How government used Special Forces to brutalize, bundle peacefully protesting Plateau workers to court

2 min read

Peacefully protesting local government workers in Plateau State were violently dispersed on Monday by a combined team of security operatives.

The workers have for over three weeks been protesting over government’s failure to pay them the new N30,000 minimum wage.

Gathering at the State Secretariat complex for their first round of protests in 2021 at about 10am local time on Monday, Special Forces of the Nigerian Army, believed to be attached to Operation Safe Haven, the Special Task Force maintaining peace in Plateau and Kaduna States, trooped along with Police and other Security Forces, firing teargas and brutalizing the protesters, it was learnt.

A protestor who would not be named for security reasons said the Special Forces, over 100 of them on motorcycles ran over some workers, causing severe injuries.

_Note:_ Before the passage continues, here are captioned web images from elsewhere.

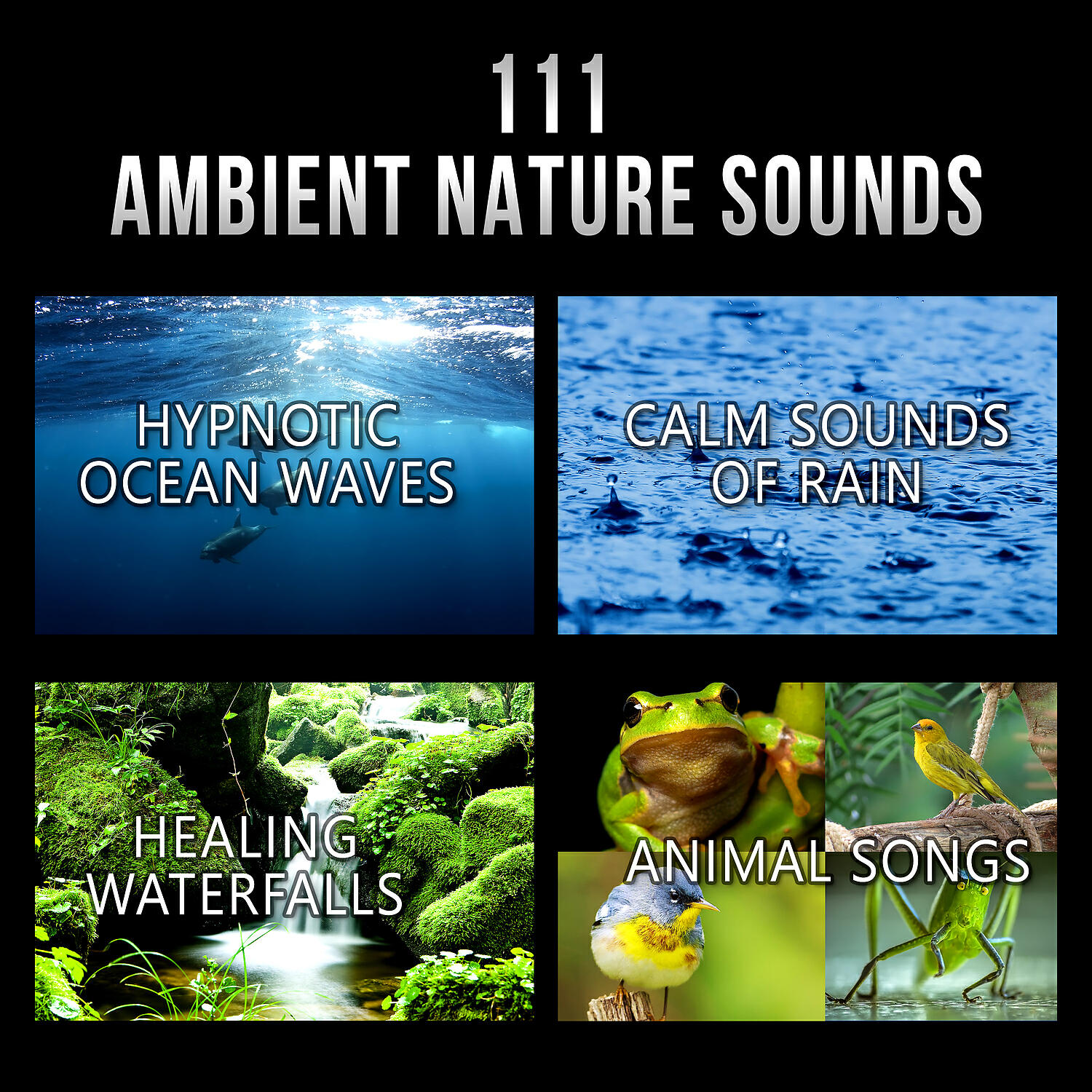 Healing Rain Sound Academy - The Spirit of Yoga for Healing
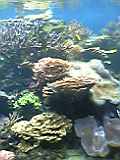 06-04-01_09-01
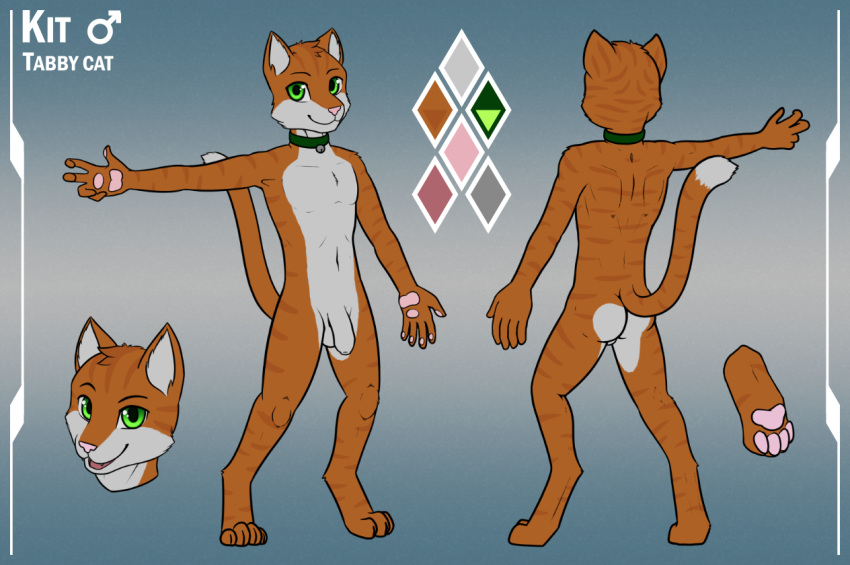 anthro balls bell bell_collar collar domestic_cat felid feline felis flaccid foreskin fur genitals green_eyes kit_blackstone linkscape male mammal model_sheet orange_body orange_fur pawpads penis solo tabby_cat uncut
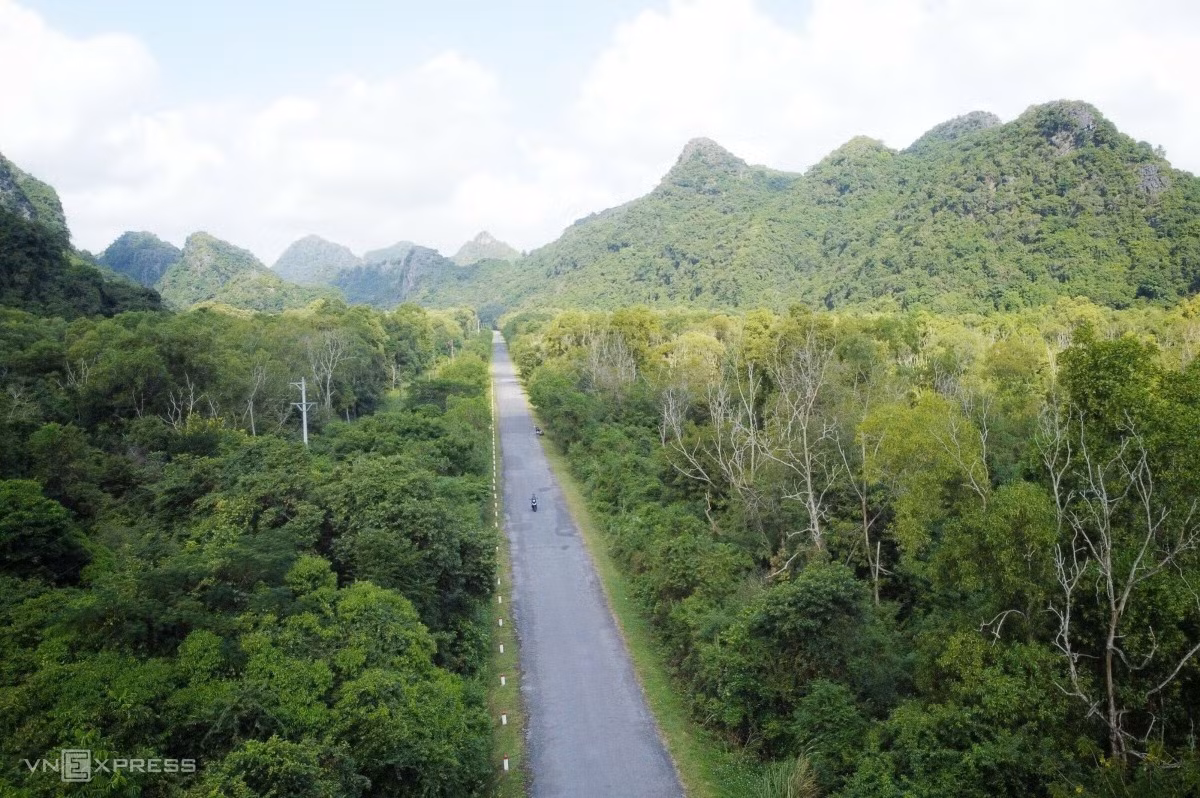 A day in the wild: trekking through Cat Ba National Park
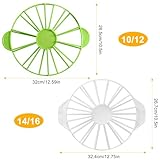 Dreamsolearoy B0FS1LBJ2S lato 2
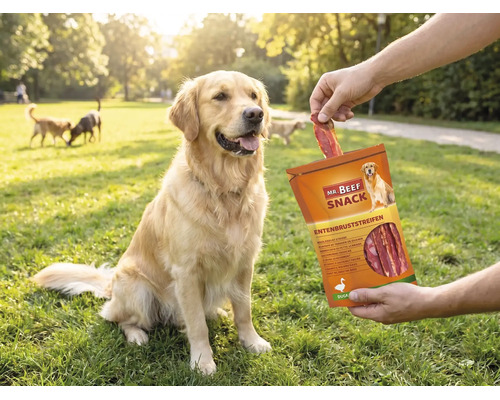 Ein Golden Retriever sitzt auf einer Wiese und bekommt einen Mr. Beef Snack Entenbruststreifen aus der Packung gereicht.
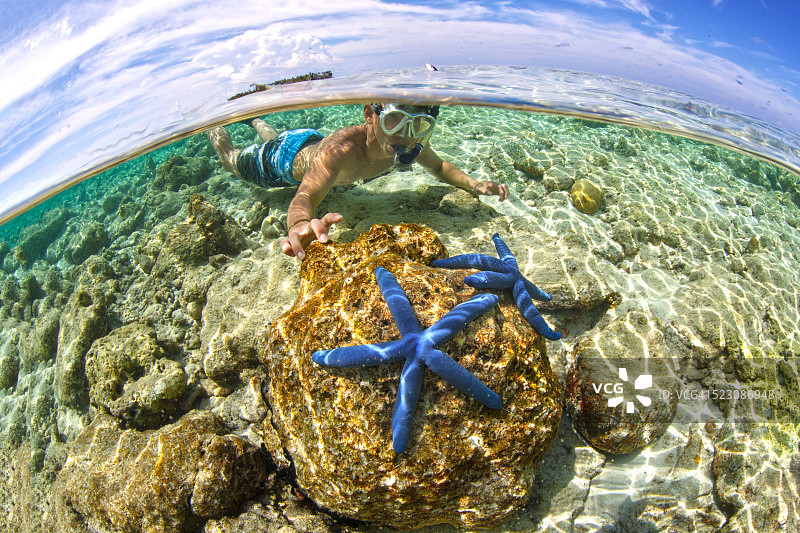 海葵中的小丑鱼肖像图片素材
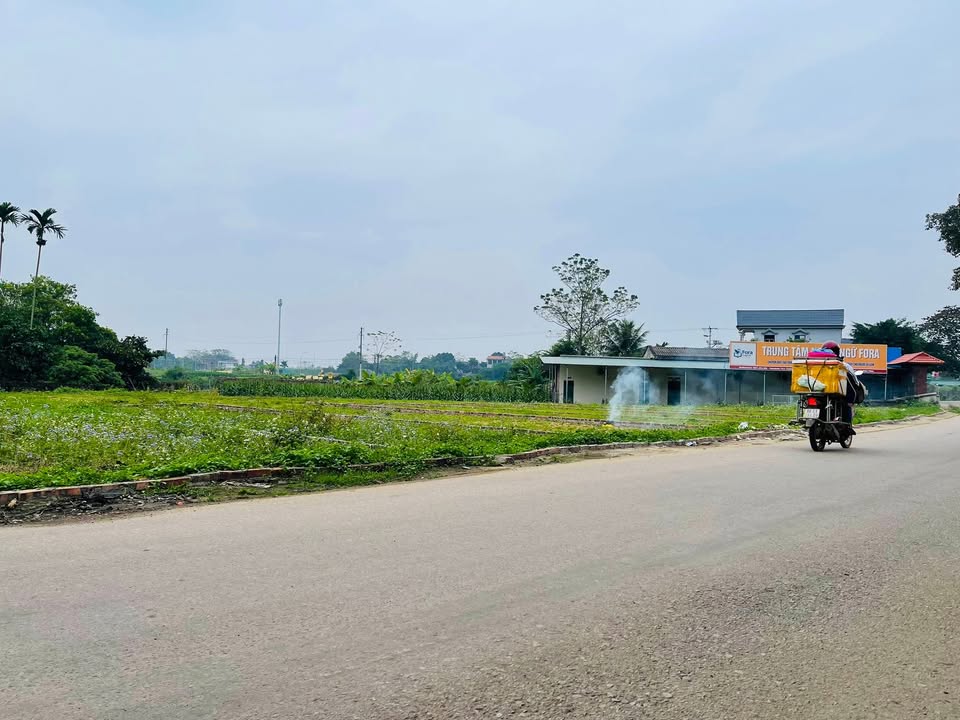 Đất nền Tứ Yên, Sông Lô, Vĩnh Phúc 100m² giá chỉ 1.3 tỷ - Cơ hội đầu tư sinh lời!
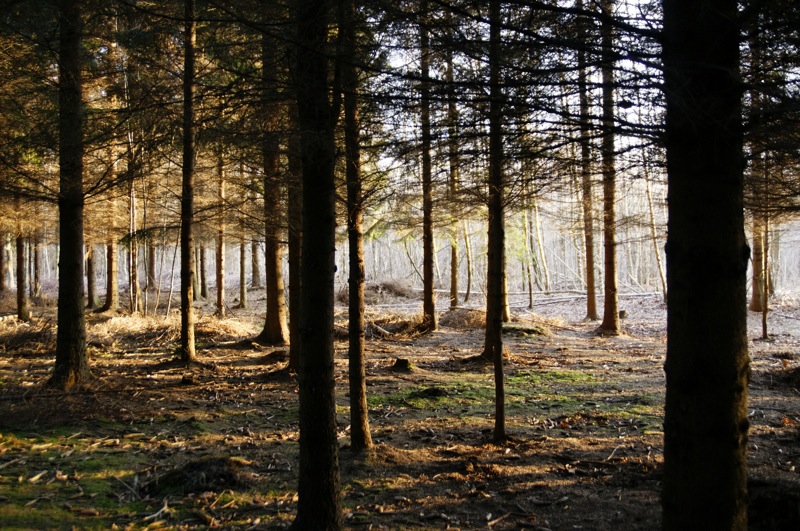 forêt
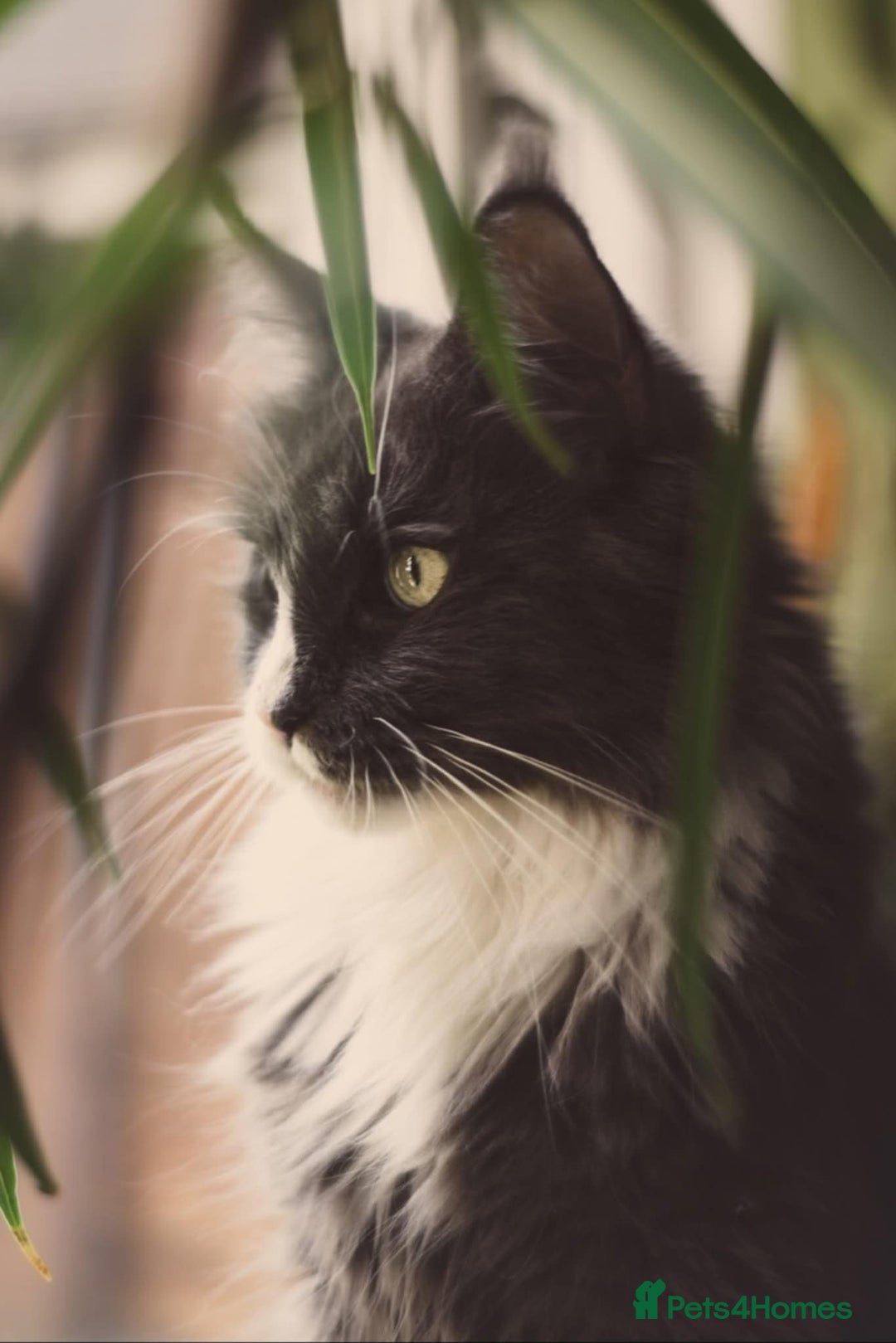 Maine Coon cats for sale: Pure Maine Coons – European Lines - Advert 4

Some aged women nearing retirement said they were brutalized and their clothes torn by the securities.

Officials of the Nigerian Police and the STF have yet to comment, but several videos and pictures of the supposed violence have surfaced online.

About 80 of the protesters were arrested while being dispersed, and prosecuted at the Magistrate Court Kasuwa Nama and Magistrate JMDB, both in Jos.

They were charged with Criminal Conspiracy, Abandonment of Duty and Disturbance of Public Peace.

The prosecution presented their case but the case was adjourned to 15th February for the Defendants to open their defense.

The Defense Counsels – Barr. Daniel Mankilik, Barr. G.G. Achi and Barr. Johnson however applied for bail for the accused, which was granted.

The workers however resumed the protests on Tuesday, saying they will not give up until their demands are granted.

Securities again gathered to disperse them but soon withdrew, following reported superior orders.

Officials of the Local Government workers’ union say government paid them half of the previous N19,000 minimum wage for nine years, despite repeated calls and petitions for an upgrade.

According to Mr. Joshua Bala, the Chairman, Nigerian Union of Teachers, the State Government began paying the upgraded N30,000 minimum wage last year but excluded its members.

The disparities, Bala said amounts to abuse of rights and a breach of labour laws.

The government has however insisted that it does not receive or manage local government finances and therefore could not be held for the shortfall in payments.